Cornwall has hidden links to China.
The Cornish landscape around St Austell has some surprises in store for the unsuspecting walker. The first indication is the ‘Cornish Alps’: great conical mounds of glistening white sands that tower above villages and stand in stark contrast to the lush green pastures around. A closer look reveals enormous open mines, big enough to make heavy diggers seem like mere toys, holding startling blue lakes of clay slurry in their bases.
It is a surreal landscape where China Clay deposits have been mined for more than 250 years.
Mining continues today, but in nothing like the quantities that were produced in the early 1900s when Cornwall monopolised the world supply.
280 million years ago
Cornwall has the largest deposits of China Clay in the world.

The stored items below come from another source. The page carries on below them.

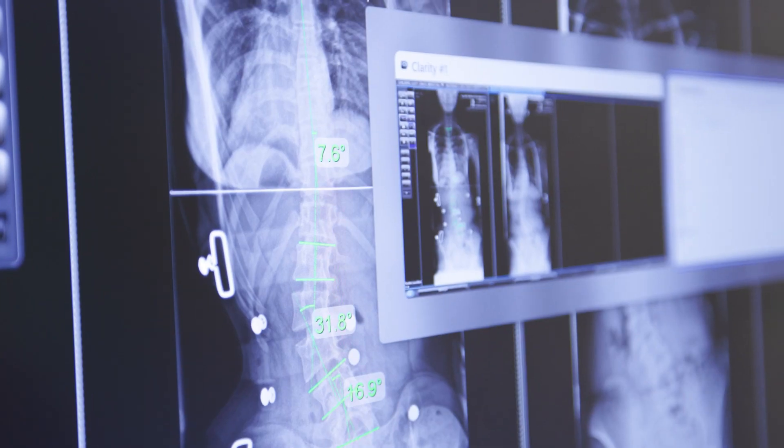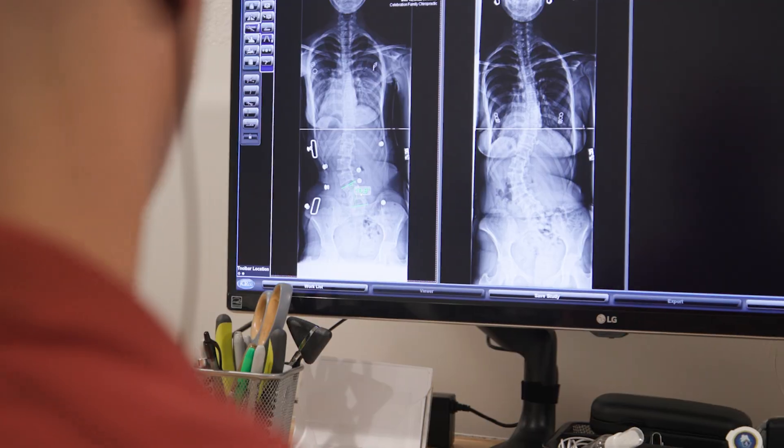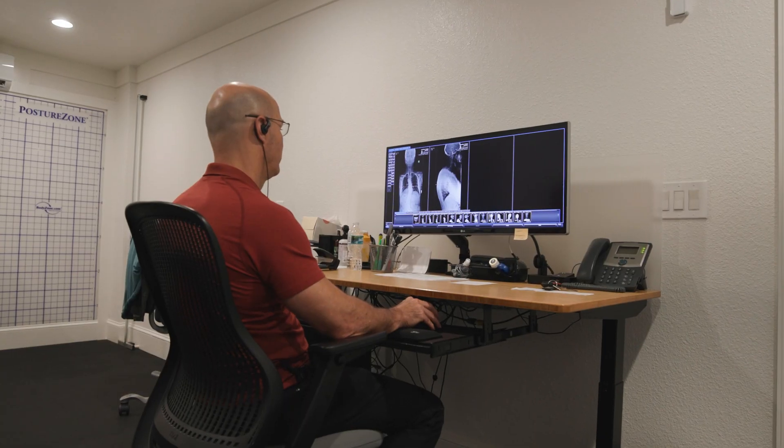The way we stop scoliosis progression is by treating curves early and acting proactively — not just hoping it doesn't worsen by watching and waiting, because you're almost always guaranteed to see some progression. We just don't know how fast or how much it will progress, but as curves progress, they cause more problems and lead to more invasive treatment.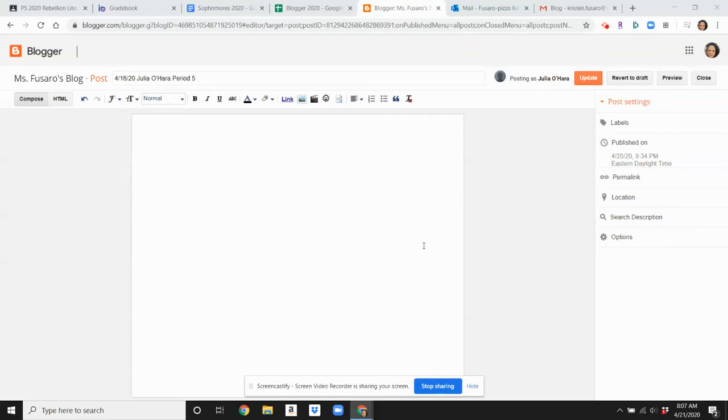Hey everyone, it's Ms. Fusaro. I'm coming to you today to show you how to format your blog in Blogger.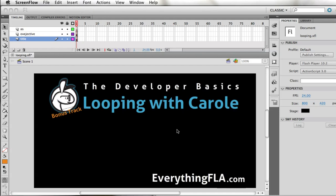Welcome to the Developer Basics. We're having a small session with Carol — we call it 'looping with Carol' — where Carol just finished watching the loops video and we wanted to make sure that everything is clear, and if there's any issue we're going to try to figure out how to solve it together. So Carol, it's all yours from now on.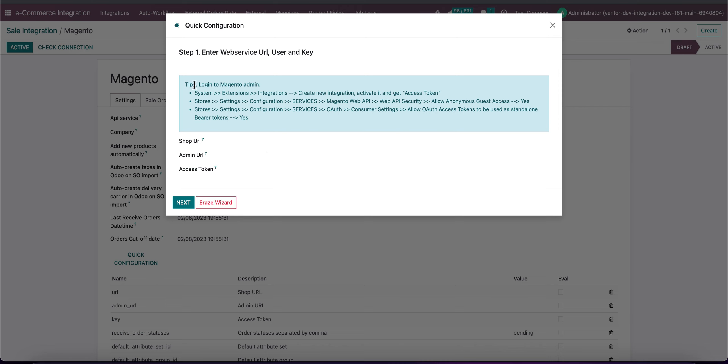On the first step here we can see some tips which help you to set up connection. So let's go step by step and we need to start from creating integration.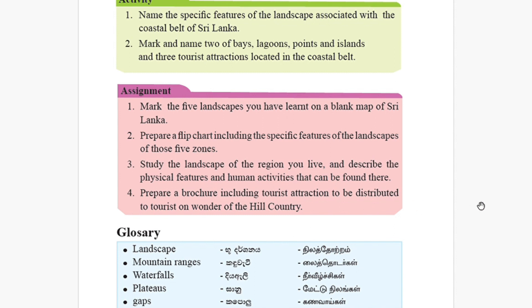Now I have finished your third lesson of the book — the landscape of Sri Lanka. You can watch my other videos as well. See you from the next lesson. Thank you so much.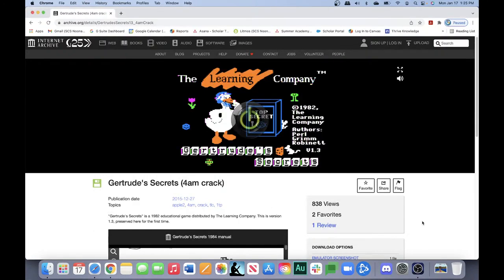Hi everyone. Today I'm going to be playing an old game I used to play when I was in first grade, second grade, third grade, back in the days when there were Apple IIs in the classroom in the early 1980s, called Gertrude's Secrets.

It is estimated that a further 100 years of supply remains. It was formed by the chemical alteration of the moorland granites as they were cooling from molten rock buried in the Earth’s crust, some 280 million years ago.
Variety of uses
The discovery of China Clay meant that for the first time fine ceramic porcelain could be made in significant quantities in Britain instead of imported from China, hence its colloquial name. Ceramic ‘china’ replaced, for those who could afford it, the coarse stoneware pottery of the time. The white clay has many other uses too, such as in paint, plastics and cosmetics.
But the most important use in the 20th century was to whiten paper and to create the glossy surface of photographic paper. A new use has been found for one abandoned old mine at least - as home for the futuristic-looking Eden Centre.